Mathematics and Beauty in Islamic Architecture: Case Study of Alhambra Palace in Granada, Spain

by Miroslav Lovric
Dept of Mathematcis and Statistics, McMaster University
http://www.math.mcmaster.ca/lovric/lovric.html


There is much to see and admire in the Alhambra Palace: exquisite rooms, decorated with stone and wood carvings, finest ornaments, and calligraphy; night sky represented in ceilings built of thousands of pieces of wood; gardens, courtyards and fountains; monuments, towers, archways - the list is endless. Quite possibly, an immense wealth of ornamental patterns, friezes, mosaics, star designs, and brickwork motifs tops the list. Among those, mosaics are perhaps the most interesting and the most intriguing. Scientists and artists working in the Islamic world pushed geometry to its limits, creating patterns and configurations whose sophistication has never been surpassed.
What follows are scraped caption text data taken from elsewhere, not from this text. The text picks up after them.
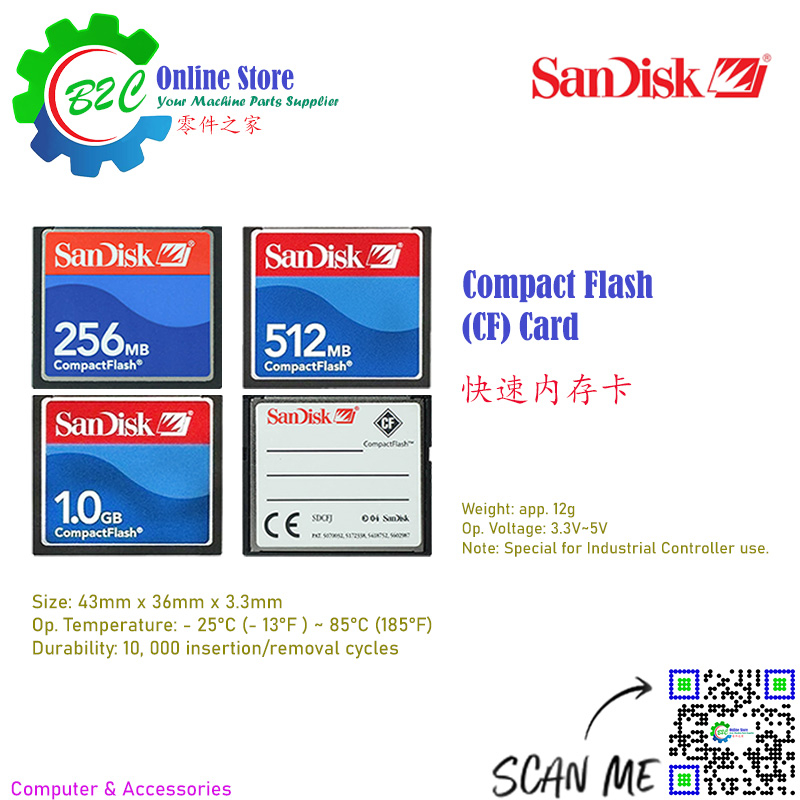 Scandisk 256MB 512MB 1GB หน่วยความจําแฟลชขนาดกะทัดรัดอุตสาหกรรมสแกนดิสก์ San Disk CF Card Sandisk Fa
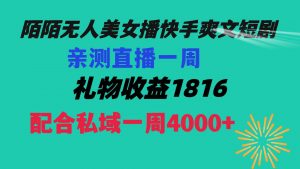 陌陌美女无人播快手爽文短剧，直播一周收益1816加上私域一周4000+倾城领域-倾城领域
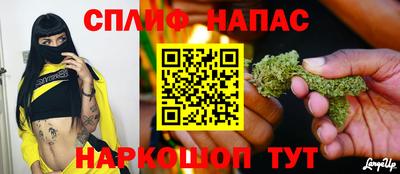 кристаллы Анапа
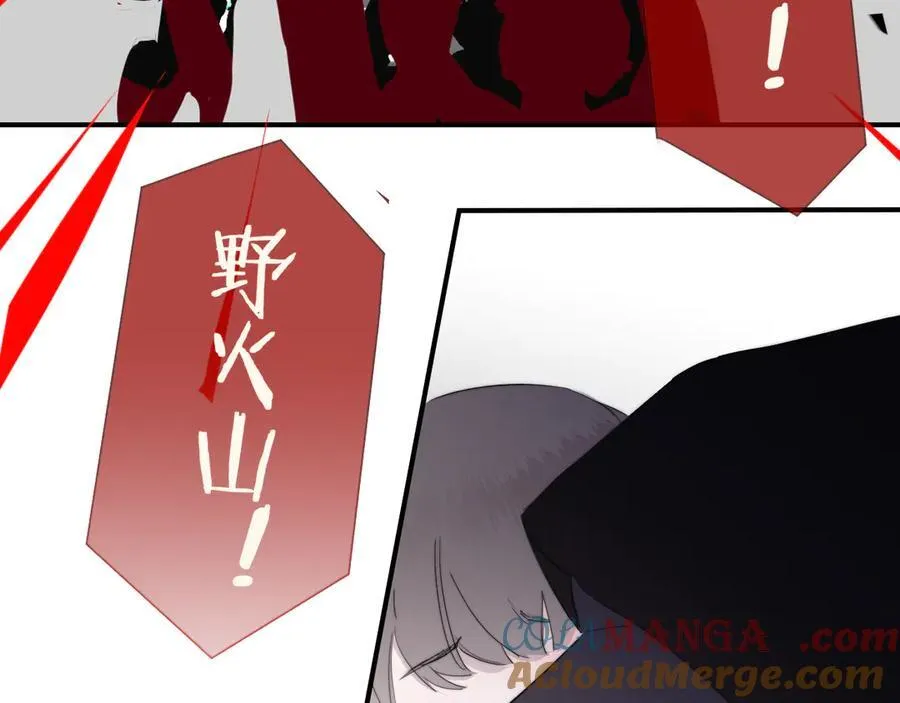 第89话 试探爱的虚实 第10页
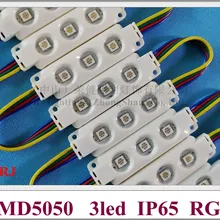 Высокое качество инъекции RGB светодиодный модуль SMD 5050 водонепроницаемый светодиодный рекламный светильник модуль RGB DC12V 0,72 W 3 светодиодный IP66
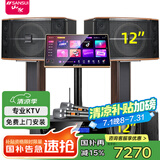 山水（SANSUI） FK-101专业10喇叭家用商用家庭美声k歌音响套装点歌机大功率卡拉OK音箱功放一体机影院 FK121卡包箱+功放+山水双话筒+点歌机+低音炮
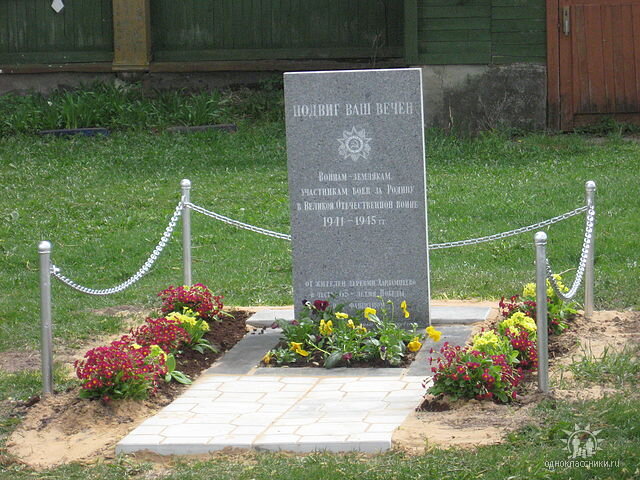 Памятная плита д.Харлампеево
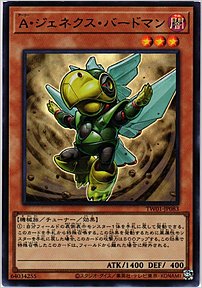 Ａ・ジェネクス・バードマン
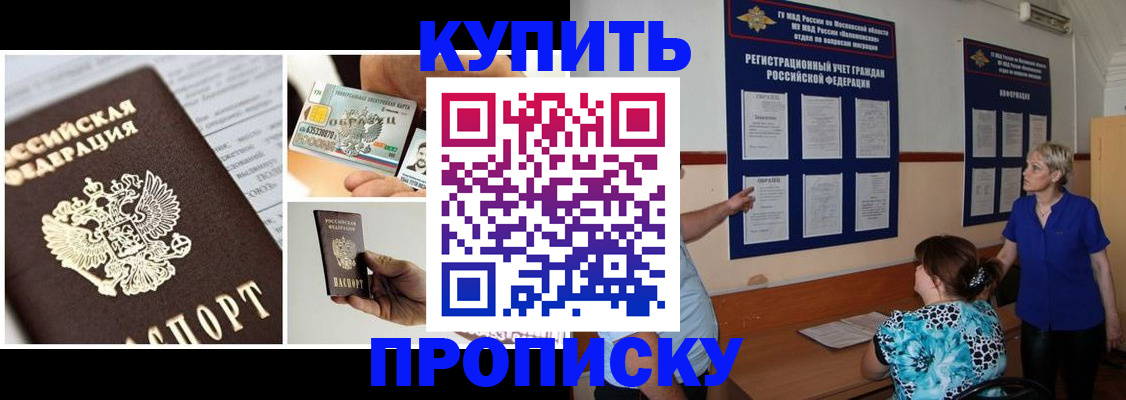 временная регистрация госуслуги в Миньяре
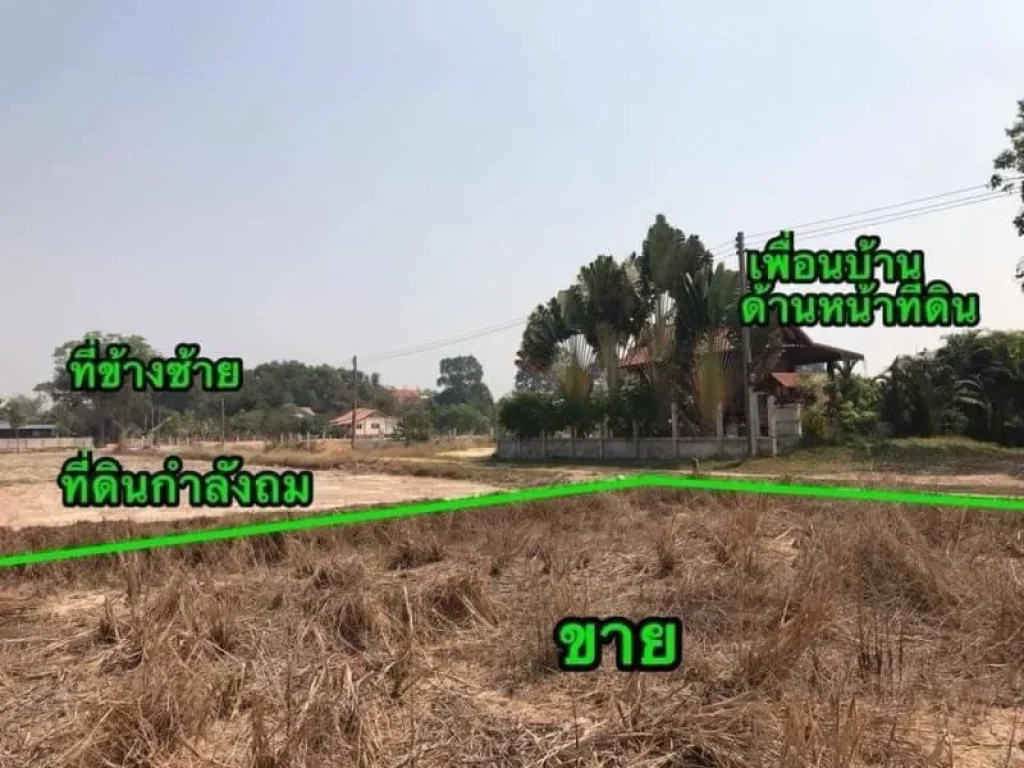 ที่ดินเปล่า 2 ไร่ครึ่ง ใกล้ศาลากลางอุบล หลังใหม่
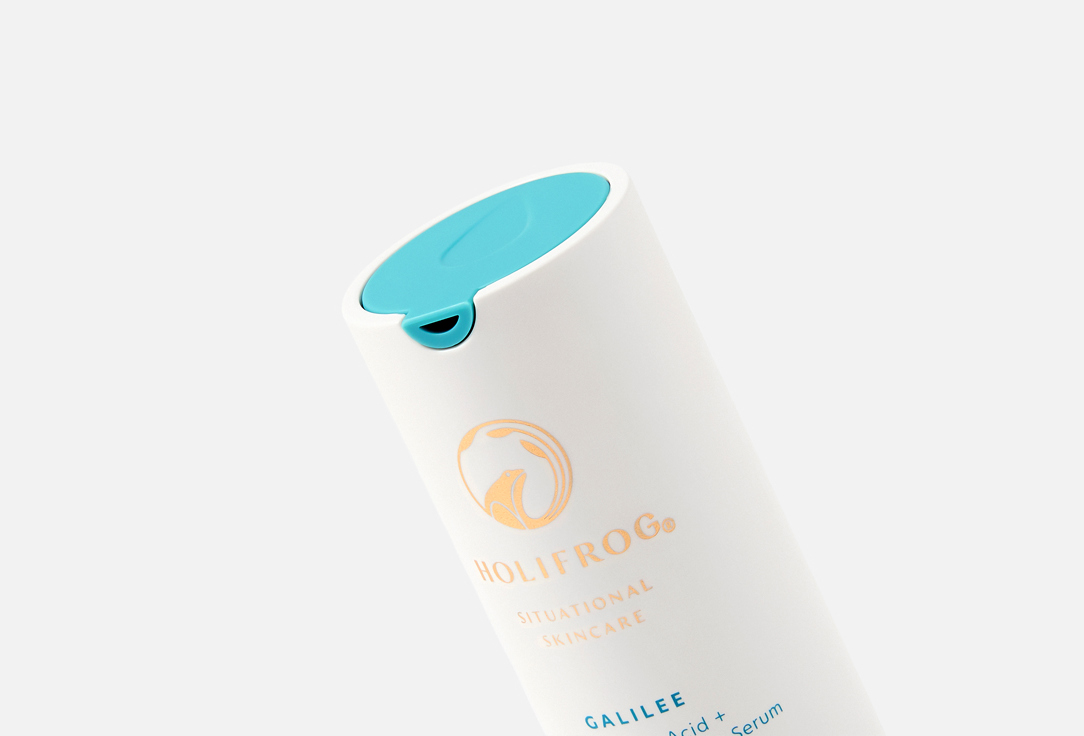 HoliFrog Antioxidant dewy facial serum Galilee Antioxidant Dewy Drop 30 ml HoliFrog Antioxidant dewy facial serum Galilee Antioxidant Dewy Drop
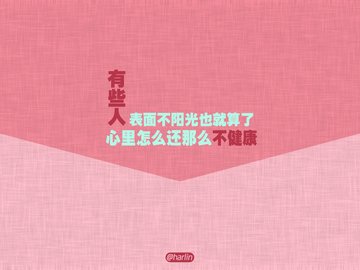 爱情 520 爱情箴言 创意 文字 恶搞 没节操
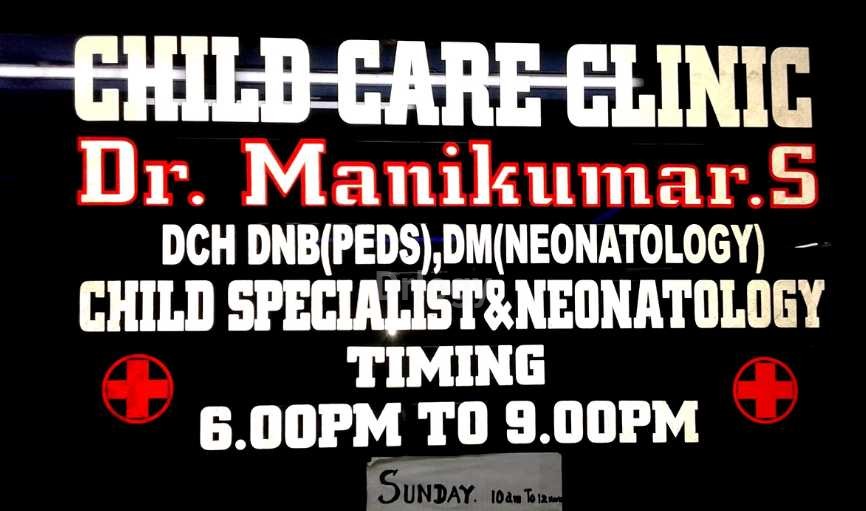 Child Care Clinic Images/Photos, Tambaram East, Chennai Child Care Clinic Images/Photos, Tambaram East, Chennai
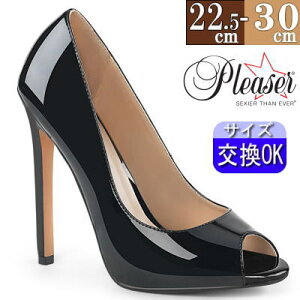 【3ヶ月保証&特典付】プリーザー ハイヒールパンプス 黒 エナメル キャバ ヒール ピンヒール セクシー 二次会 大きいサイズ ピンヒールレディース オープントゥ 靴 プリーザーヒール Pleaser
Investigating numerous possibilities, based on experience and long tradition, builders of mosaics in the Alhambra created them all Ð in the sense of the mathematics theorem on the classification of plane crystallographic groups (or wallpaper patterns). Mosaics are an invitation for a 'dynamic' experience, different from enjoying a picture of a landscape. Our eye is not able to focus on one location; there is no centre, no boundary and no preferred direction. This presentation suggests the use of a vocabulary from geometry to express some of our visual experiences.


Biography:

Miroslav Lovric is an associate professor in the Department of Mathematics and Statistics at McMaster University. His areas of research interest include differential geometry, mathematics education and connections between art, mathematics and architecture. Miroslav published several papers on mathematics in art, and is presently working on a book about symmetry.